Too High A Rate For The Loan? How To Adjust The Loan Rate

A happy moment: the bank has approved the required loan and it is now ready for use. The instalments are paid on time and everything is fine. But all of a sudden the monthly instalment to repay the loan – for example for health reasons – can no longer be paid in the agreed amount. So what to do?

Anyone taking out a loan enters into an obligation to repay the loan granted by means of monthly instalments plus interest at the latest when the corresponding loan agreement is signed. As long as the borrower fulfils this obligation, everything is fine and there are no problems with the bank granting the loan. And yet it can happen that the loan taken out becomes an unexpectedly high financial burden. This happens exactly at that moment when the borrower realises that the chosen loan instalment can no longer be serviced. So what can be done?

Interest rate is too high? This is to be done when there is a shortage

If there is only a little more money than usual available for a short time, most banks offer the possibility to ask for a so-called deferral of the instalments. As a rule, banks grant the deferral of a maximum of three monthly loan instalments. However, this does not mean that these instalments do not have to be paid. A deferral is tantamount to the fact that the number of deferred instalments means an extension of the credit period.

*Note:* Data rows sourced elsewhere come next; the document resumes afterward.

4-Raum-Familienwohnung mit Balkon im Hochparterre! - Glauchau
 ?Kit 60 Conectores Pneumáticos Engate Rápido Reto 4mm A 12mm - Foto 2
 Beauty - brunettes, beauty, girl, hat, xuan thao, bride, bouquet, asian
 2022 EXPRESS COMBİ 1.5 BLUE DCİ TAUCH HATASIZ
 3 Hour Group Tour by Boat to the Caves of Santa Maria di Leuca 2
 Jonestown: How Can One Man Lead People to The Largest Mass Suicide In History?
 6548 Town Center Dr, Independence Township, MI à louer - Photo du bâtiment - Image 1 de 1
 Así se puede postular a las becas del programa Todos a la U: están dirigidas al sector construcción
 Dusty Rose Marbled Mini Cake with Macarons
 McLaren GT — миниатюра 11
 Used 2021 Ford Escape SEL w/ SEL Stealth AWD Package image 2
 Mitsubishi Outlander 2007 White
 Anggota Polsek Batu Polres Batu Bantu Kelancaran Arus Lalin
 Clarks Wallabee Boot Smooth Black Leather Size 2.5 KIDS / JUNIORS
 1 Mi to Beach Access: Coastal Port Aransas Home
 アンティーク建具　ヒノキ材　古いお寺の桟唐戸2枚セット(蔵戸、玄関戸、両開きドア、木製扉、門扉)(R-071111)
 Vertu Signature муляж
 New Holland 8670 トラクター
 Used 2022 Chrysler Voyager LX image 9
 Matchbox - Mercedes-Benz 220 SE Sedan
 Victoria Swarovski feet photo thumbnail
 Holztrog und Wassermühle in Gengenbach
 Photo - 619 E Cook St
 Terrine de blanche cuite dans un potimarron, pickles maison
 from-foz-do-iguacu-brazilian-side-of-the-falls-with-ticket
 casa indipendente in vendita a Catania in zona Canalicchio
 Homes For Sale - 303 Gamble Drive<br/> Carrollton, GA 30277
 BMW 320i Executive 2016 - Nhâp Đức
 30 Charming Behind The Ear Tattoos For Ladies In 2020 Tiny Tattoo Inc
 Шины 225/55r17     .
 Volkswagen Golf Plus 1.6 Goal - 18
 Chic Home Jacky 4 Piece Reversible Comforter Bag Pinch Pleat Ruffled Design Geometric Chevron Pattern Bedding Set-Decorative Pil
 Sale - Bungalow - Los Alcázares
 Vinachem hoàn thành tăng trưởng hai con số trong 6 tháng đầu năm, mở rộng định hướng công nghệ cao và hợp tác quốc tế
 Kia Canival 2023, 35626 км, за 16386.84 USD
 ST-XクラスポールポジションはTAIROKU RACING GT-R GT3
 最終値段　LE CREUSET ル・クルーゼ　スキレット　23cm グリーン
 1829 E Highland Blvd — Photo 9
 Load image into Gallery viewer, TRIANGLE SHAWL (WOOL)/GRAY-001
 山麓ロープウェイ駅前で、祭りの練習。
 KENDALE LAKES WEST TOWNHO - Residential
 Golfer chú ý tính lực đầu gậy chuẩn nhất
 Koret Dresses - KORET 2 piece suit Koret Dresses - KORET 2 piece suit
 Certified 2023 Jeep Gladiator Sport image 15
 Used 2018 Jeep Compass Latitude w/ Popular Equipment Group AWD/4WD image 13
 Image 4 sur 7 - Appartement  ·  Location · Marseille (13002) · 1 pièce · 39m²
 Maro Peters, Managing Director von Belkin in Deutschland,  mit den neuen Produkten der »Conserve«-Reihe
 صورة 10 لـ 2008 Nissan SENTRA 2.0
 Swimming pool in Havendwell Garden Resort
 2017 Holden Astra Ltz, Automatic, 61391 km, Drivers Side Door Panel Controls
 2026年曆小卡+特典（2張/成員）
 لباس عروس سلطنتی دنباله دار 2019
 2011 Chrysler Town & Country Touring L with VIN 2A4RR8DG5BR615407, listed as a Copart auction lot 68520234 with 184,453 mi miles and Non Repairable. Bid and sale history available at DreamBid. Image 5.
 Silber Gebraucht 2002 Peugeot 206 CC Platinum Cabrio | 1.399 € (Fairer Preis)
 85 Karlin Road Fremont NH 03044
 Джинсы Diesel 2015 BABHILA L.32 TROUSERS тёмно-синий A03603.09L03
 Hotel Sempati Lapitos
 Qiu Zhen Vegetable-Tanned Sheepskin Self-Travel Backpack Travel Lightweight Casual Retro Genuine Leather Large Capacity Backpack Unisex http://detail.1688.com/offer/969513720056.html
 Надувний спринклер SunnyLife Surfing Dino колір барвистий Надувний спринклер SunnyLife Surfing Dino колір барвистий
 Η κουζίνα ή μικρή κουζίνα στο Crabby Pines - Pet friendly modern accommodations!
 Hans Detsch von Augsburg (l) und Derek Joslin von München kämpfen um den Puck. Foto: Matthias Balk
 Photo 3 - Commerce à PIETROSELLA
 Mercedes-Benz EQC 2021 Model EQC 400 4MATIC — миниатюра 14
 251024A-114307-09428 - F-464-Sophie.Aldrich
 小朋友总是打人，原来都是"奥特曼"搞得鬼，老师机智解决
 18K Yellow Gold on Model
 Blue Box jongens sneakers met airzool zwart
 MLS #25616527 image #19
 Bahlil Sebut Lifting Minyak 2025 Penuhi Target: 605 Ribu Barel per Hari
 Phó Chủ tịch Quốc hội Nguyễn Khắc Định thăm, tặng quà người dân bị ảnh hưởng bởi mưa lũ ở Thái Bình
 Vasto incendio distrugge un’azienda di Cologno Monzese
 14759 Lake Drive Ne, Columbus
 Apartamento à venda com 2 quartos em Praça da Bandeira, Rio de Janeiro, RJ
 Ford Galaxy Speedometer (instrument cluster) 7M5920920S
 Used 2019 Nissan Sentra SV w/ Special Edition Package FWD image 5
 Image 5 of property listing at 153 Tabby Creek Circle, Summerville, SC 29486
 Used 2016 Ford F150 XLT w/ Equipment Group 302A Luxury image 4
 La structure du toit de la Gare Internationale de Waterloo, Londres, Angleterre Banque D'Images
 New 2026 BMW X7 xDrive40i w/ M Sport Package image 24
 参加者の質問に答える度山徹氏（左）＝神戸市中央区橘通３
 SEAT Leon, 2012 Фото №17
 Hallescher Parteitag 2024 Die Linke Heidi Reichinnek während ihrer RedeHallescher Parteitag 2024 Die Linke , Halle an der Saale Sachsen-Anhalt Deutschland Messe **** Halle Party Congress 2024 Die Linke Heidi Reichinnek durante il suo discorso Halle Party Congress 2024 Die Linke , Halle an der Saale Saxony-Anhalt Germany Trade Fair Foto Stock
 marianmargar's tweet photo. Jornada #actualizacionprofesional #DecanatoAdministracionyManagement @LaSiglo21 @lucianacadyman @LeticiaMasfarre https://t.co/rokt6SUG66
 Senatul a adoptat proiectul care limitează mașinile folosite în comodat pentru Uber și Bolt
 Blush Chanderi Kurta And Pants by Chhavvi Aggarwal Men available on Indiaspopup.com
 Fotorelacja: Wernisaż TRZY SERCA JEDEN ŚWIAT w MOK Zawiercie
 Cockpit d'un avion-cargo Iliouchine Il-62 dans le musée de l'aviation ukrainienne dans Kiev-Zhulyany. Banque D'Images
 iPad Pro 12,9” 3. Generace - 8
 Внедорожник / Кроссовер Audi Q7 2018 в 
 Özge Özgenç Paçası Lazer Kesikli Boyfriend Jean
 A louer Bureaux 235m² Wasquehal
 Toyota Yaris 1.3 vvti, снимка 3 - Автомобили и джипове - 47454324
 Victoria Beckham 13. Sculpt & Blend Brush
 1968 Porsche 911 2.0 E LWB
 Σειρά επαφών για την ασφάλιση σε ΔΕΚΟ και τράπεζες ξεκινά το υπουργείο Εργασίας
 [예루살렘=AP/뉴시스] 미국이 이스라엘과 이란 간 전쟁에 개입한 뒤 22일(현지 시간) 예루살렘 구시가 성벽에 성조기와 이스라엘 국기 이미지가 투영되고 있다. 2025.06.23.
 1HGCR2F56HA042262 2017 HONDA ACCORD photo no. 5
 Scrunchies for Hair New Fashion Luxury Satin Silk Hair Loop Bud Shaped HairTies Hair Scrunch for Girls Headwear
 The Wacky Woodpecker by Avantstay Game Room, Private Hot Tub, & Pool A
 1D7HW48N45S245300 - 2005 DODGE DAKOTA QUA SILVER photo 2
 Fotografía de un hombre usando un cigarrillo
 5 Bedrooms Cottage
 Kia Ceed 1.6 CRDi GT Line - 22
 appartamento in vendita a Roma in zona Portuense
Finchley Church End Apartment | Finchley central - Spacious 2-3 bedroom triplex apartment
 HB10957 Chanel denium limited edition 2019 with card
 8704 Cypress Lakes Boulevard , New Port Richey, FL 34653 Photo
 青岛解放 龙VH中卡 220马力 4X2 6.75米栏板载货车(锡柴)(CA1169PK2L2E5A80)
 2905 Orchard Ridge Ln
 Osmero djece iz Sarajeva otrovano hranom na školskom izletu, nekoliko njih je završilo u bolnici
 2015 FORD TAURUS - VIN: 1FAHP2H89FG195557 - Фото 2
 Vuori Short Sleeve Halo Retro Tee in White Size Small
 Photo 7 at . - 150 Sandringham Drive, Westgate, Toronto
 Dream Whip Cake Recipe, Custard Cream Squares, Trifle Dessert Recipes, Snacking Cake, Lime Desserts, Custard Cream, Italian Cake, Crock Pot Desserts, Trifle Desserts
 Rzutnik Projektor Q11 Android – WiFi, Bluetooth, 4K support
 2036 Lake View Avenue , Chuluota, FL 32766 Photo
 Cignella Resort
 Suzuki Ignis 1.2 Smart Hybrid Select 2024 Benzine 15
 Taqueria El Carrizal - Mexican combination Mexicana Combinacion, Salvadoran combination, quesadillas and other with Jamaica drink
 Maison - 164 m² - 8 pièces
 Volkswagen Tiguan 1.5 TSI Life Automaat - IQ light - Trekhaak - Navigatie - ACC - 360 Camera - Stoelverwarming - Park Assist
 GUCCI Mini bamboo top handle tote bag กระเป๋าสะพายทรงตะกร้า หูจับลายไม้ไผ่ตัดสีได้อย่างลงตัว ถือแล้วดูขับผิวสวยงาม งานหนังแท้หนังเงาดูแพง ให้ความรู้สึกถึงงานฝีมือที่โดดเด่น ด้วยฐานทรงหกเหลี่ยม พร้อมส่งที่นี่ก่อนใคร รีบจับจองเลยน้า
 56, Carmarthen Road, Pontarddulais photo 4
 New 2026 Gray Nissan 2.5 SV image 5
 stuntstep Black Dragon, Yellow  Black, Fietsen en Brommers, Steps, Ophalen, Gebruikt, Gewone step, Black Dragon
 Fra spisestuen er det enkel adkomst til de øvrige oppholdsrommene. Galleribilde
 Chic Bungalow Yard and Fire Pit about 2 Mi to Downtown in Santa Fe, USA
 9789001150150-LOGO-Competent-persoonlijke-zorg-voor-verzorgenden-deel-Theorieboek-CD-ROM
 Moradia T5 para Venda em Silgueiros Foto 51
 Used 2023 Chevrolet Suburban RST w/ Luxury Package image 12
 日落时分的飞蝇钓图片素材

However, there is no general right to breaks in instalments or deferral of instalments. All too often, local credit institutions have very different regulations in this respect. For some loans it is not even possible to suspend the instalment, for others only under certain conditions. After all, the fees for instalment breaks are usually manageable. Where the service of a flexible instalment arrangement is not free of charge anyway, the credit institution often charges an amount between 15 and 30 GBP.

It is important, however, that with the realisation of the fact that one or even several instalments for the loan cannot be served due to an extraordinary situation, an immediate contact with the lending bank is made. The longer you wait to inform the bank about this circumstance, the more difficult it can become to find a suitable agreement with the bank.

How to lower your monthly repayments

If the disposable income rises because, for example, a wage increase has taken place, a special payment (Christmas bonus, holiday pay, etc.) is available, a large amount of money can possibly be saved by increasing the rate. This is because an increase in the rate for a loan taken out can reduce the term of the loan, which is mainly reflected in savings on interest costs.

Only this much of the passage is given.